Novo boom imobiliário na cidade de São Paulo apaga uma camada histórica importante

A grande verticalização em regiões nobres da cidade também encarece os preços de aluguel e expulsa antigos moradores para bairros mais afastados

Foto: Deni Williams/Flickr

 01/08/2022 - Publicado há 2 anos     Atualizado: 14/06/2024 às 16:05

Texto: Ana Paula Medeiros

Arte: Adrielly Kilryann

A gente começou a perceber o movimento das casas em volta a serem vendidas e começamos a cobrar uma posição da administradora da casa em relação a isso, porque a gente imaginou que se as outras casas estavam sendo vendidas, era questão de tempo para a nossa também ser vendida. Mas o pessoal que administrava a casa garantiu que isso não iria acontecer e que eles manteriam o contrato até fevereiro de 2023. Até que, faltando 40 dias para ela [administradora] entregar a casa, ela enviou uma mensagem pedindo para a gente sair, explicando que a casa havia sido vendida e que tínhamos esse tempo para nos mudar.”

Esse é um depoimento particular de Jade Conde, 18, mas muitos cidadãos paulistanos podem se identificar com ele. Desde 2019, São Paulo vive um novo boom imobiliário e, enquanto vilas de casas geminadas caem terra abaixo, mais empreendimentos imobiliários de alto padrão se erguem pela cidade. É a região da subprefeitura do bairro nobre de Pinheiros que concentra o maior número de alvarás de demolição nos últimos dois anos, segundo dados da Secretaria Municipal de Urbanismo e Licenciamento.
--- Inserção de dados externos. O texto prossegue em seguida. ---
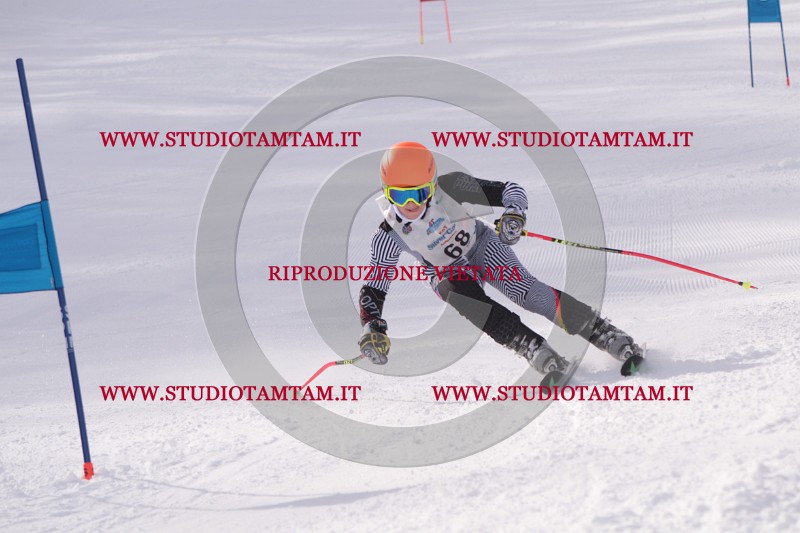 IMG_5538.JPG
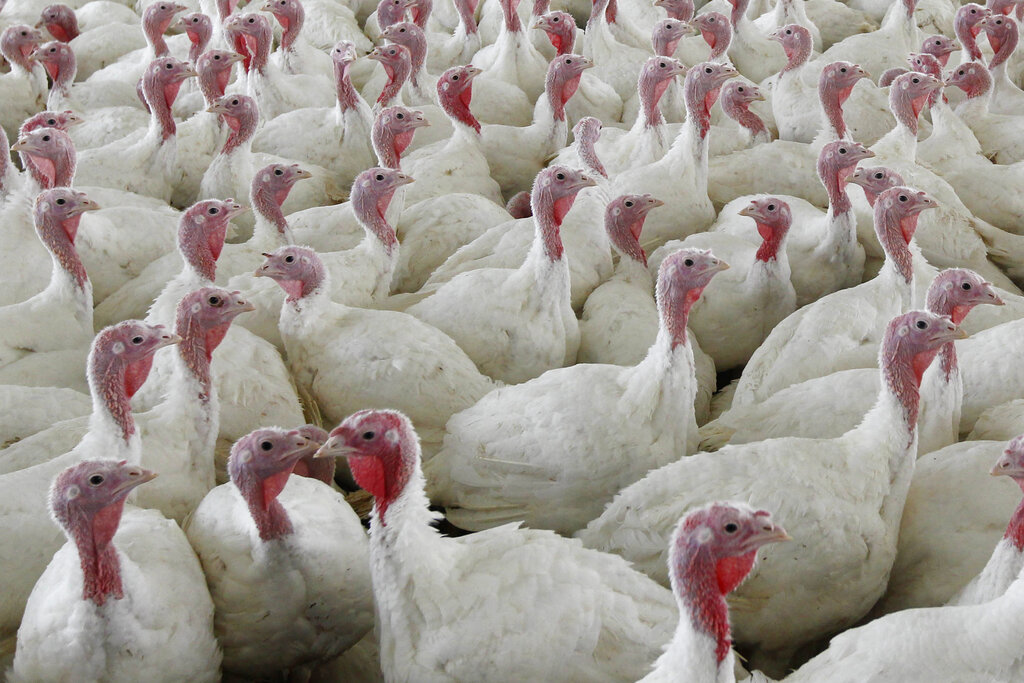 Turkeys at a farm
Só em 2021, dos 602 alvarás emitidos na capital paulista, aproximadamente 133 se concentraram nesta região.

Beatriz Rufino, do Departamento de Projeto na área de Planejamento Urbano da Faculdade de Arquitetura e Urbanismo (FAU) da USP, comenta sobre o Plano Diretor Estratégico de 2014. De acordo com ela, o substancial aumento da produção imobiliária na cidade passou a ser desenvolvido para segmentos antes não tão explorados: “Por um lado, a gente tem uma produção muito grande e uma intensificação da produção na região metropolitana de São Paulo e, por outro lado, a gente viu uma verticalização muito grande nos miolos das áreas valorizadas, com um processo de valorização imobiliária de certa forma até então inédita”.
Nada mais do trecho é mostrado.